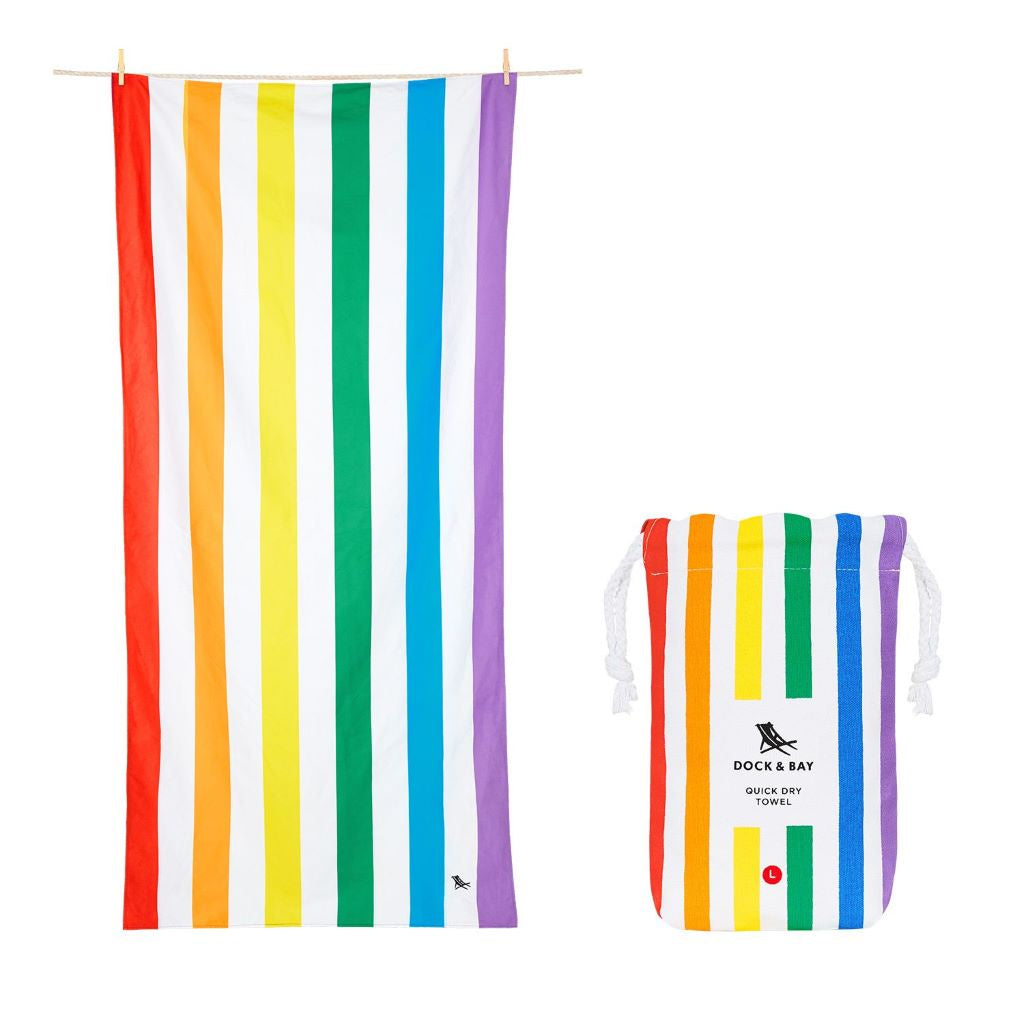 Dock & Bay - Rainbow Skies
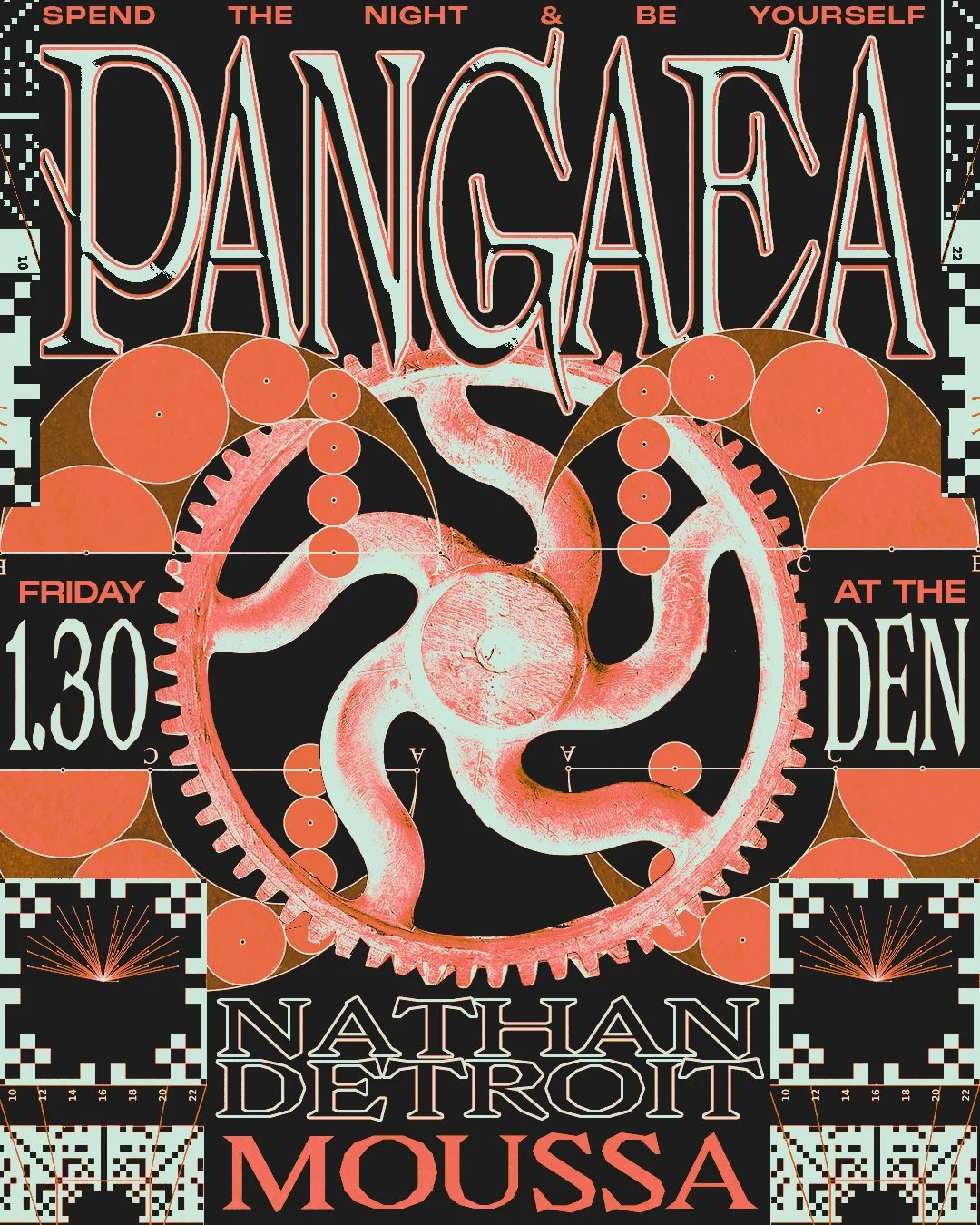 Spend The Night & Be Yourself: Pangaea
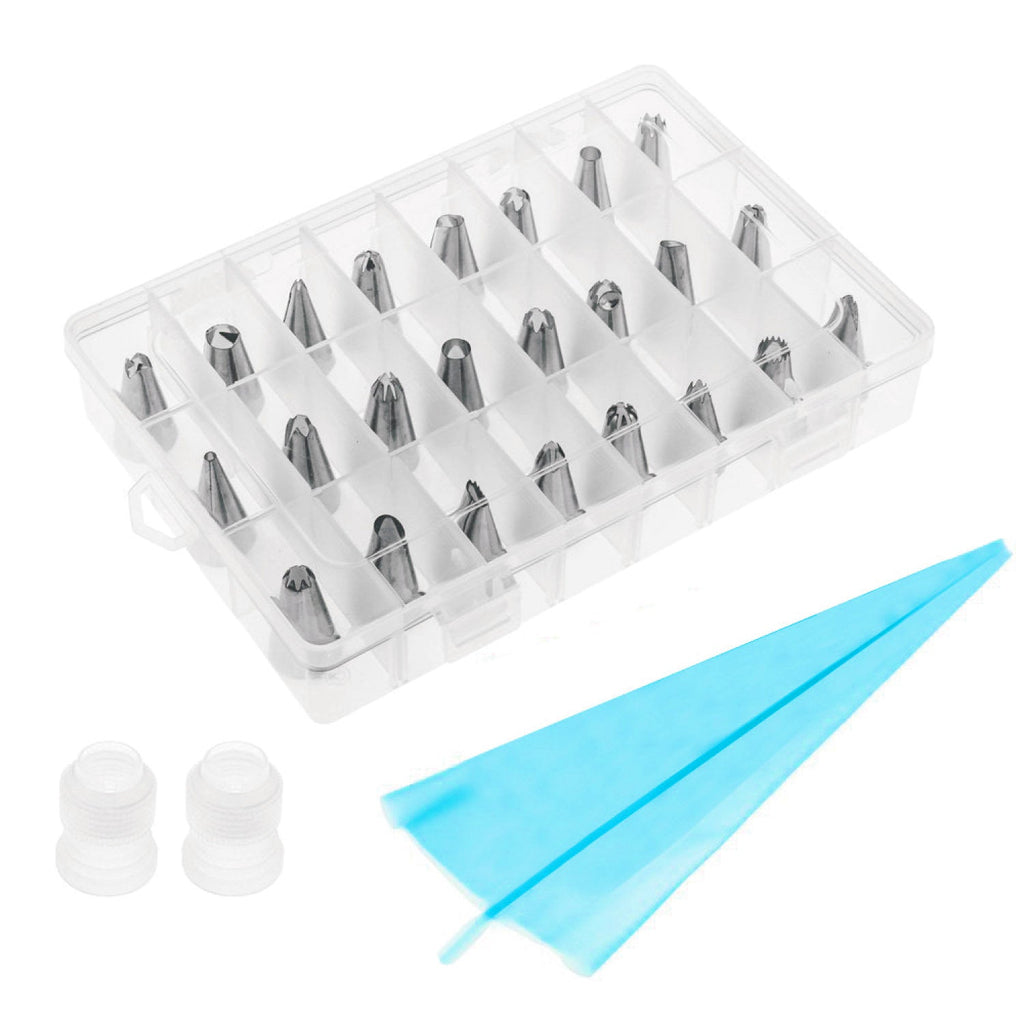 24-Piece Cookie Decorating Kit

:: Task description ::
From the first line to the last, copy the listing above exactly, dropping all images.

:: Solution for this exercise ::
 Dock & Bay - Rainbow Skies
 Spend The Night & Be Yourself: Pangaea
 24-Piece Cookie Decorating Kit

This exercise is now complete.